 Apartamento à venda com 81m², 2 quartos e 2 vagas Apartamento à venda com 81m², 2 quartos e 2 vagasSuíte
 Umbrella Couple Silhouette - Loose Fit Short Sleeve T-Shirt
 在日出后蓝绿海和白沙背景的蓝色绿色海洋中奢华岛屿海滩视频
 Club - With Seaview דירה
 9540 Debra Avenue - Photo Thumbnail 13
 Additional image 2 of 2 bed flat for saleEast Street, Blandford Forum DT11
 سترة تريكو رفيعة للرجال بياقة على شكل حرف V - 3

◆ TRY IT
Having read the entries above, repeat them exactly.

◆ COMPLETED EXERCISE
 Apartamento à venda com 81m², 2 quartos e 2 vagas Apartamento à venda com 81m², 2 quartos e 2 vagasSuíte
 Umbrella Couple Silhouette - Loose Fit Short Sleeve T-Shirt
 在日出后蓝绿海和白沙背景的蓝色绿色海洋中奢华岛屿海滩视频
 Club - With Seaview דירה
 9540 Debra Avenue - Photo Thumbnail 13
 Additional image 2 of 2 bed flat for saleEast Street, Blandford Forum DT11
 سترة تريكو رفيعة للرجال بياقة على شكل حرف V - 3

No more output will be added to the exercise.